# taz.de -- Problemzone Fahrradstraße: Rad in schlechter Gesellschaft
       
       > Sie heißen „Fahrradstraßen“, aber hier fahren und parken viele andere
       > Verkehrsteilnehmende. Das birgt viele Probleme. Zeit für eine radikale
       > Lösung.
       
 (IMG) Bild: Anlieger frei: Hier auf der Oberwallstraße in Berlin-Mitte soll eine Fahrradstraße entstehen
       
       „Fahrradstraßen“ sind diese Dinger, vor denen ein blaues Schild mit Fahrrad
       steht. Leider ist das Rad auf dem Schild meist in schlechter Gesellschaft:
       Direkt darunter ist fast immer ein weißes „Anlieger frei“-Emblem. Oder ein
       Auto-und-Motorrad-Piktogramm mit dem Hinweis, dass die auch in der
       Radstraße fahren dürfen. Und Lieferwagen natürlich. Und E-Roller. Also
       eigentlich alle. Ein Anliegen, [1][Mobilität auszuleben], fühlt schließlich
       jeder irgendwie. Und man kann ja nicht gleich überall wohnen, wo man gerade
       langfahren will.
       
       [2][Fahrradstraßen] sind also die Straßen, in denen alle fahren dürfen. Und
       parken. Denn wer wird den Autofahrenden Parkplätze wegnehmen, wo die ganze
       Fahrbahn eh schon irgendwie den Radfahrenden gehört? Die dürfen da ja sogar
       nebeneinander fahren! Zumindest in der Theorie.
       
       Praktisch empfehle ich eine kurze Testtour durch eine beliebige
       Fahrradstraße. Ich nehme mal die [3][Berliner Linienstraße im Bezirk
       Mitte]. Immerhin hat man hier durch beherzte Ein-Richtungs-Führung
       zumindest einen Großteil des typischen automobilen
       Abkürzungsschleichverkehrs aus der Straße geleitet.
       
       Hier, wie in jeder Fahrradstraße handelsüblicher Bauart, finde ich mich
       beidseitig von Stehzeugen eingefasst wieder. Auf der Fahrbahn kann genau
       ein Rad pro Richtung sicher fahren – also abzüglich des Raums, den
       möglicherweise aufgerissene Autotüren beanspruchen.
       
       ## Schwanger und verletzungssensibler im Verkehr
       
       Den Abstand hätte ich früher vielleicht enger bemessen, habe meinen
       Miss-Offensiv-Fahrstil aber mittlerweile abgelegt: Der dank Schwangerschaft
       durchlebte Crashkurs „Wie bedrohlich fühlt sich mangelnder Überholabstand
       auch durch andere Radfahrer an“ hat zu einem verletzungssensibleren
       Verkehrsauftritt geführt: Alles, was von hinten nach Kind aussieht, oder
       alt, mit Taschen beladen und jedenfalls nicht wie ein Fahrradkurier im
       Pausenmodus, überhole ich auch mit Rennrad und Eile nur mit mindestens
       einem Meter Abstand.
       
       Das geht in einer [4][Fahrradstraße] ausschließlich auf der Gegenfahrbahn –
       also zu Hauptverkehrszeiten gar nicht. Nebenbei werden rechts und links
       Autotüren geöffnet, andere Autoinsassen wollen ihr Gefährt erst noch
       loswerden und schleichen suchend umher, womit sie den radelnden Rest ins
       Stocken bringen.
       
       Soweit das Problem. Und hier die ganz einfache Lösung: Autos dürfen künftig
       auch auf Radstraßen nicht mehr geparkt werden – genau wie auf Autobahnen.

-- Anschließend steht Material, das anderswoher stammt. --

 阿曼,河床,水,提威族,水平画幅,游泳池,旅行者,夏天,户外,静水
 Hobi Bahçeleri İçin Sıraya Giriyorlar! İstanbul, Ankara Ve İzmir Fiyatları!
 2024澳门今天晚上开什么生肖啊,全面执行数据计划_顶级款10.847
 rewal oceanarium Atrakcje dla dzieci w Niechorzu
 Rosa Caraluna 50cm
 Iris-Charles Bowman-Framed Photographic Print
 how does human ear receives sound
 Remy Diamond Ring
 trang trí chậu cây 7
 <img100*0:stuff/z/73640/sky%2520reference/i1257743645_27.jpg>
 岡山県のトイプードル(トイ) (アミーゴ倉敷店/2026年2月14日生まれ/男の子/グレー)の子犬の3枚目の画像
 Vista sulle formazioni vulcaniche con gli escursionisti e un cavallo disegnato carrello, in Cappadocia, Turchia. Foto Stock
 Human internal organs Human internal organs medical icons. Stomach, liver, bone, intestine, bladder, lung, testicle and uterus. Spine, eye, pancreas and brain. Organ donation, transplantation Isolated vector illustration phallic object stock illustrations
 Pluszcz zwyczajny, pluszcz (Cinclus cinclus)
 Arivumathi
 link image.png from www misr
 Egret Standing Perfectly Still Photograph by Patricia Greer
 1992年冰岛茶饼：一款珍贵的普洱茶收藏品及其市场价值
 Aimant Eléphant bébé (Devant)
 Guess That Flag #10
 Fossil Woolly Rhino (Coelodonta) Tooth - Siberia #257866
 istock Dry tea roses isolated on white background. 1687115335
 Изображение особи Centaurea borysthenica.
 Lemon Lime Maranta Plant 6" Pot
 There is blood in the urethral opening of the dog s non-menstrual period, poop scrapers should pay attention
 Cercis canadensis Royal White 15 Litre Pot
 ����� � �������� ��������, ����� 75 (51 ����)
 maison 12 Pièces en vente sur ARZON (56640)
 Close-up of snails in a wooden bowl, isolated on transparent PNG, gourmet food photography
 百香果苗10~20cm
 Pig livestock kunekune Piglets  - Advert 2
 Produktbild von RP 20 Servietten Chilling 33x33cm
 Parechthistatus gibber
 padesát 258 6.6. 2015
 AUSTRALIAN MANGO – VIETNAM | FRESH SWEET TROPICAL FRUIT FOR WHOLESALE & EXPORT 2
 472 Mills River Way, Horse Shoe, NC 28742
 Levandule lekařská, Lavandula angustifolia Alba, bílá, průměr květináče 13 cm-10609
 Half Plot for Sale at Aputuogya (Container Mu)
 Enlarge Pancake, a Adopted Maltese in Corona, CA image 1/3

       Das wäre nur demokratisch: Schließlich hat im Umfeld innerstädtischer
       Fahrradstraßen nur eine Minderheit der Anwohner ein Auto (in Mitte sind 818
       von 1.000 Menschen autofrei).
       
       Also sollte sich die Mehrheit an einer für sie passenden (leisen, sicheren,
       bepflanzten, geruchsneutralen) Infrastruktur erfreuen. Alternativ könnte
       ein Drive-In-Day helfen: Dann steigen alle Radfahrenden aufs (Miet-)Auto
       um. Die dadurch ausgelösten Staus dürften die Sympathie für
       Radinfrastruktur sprunghaft steigen lassen.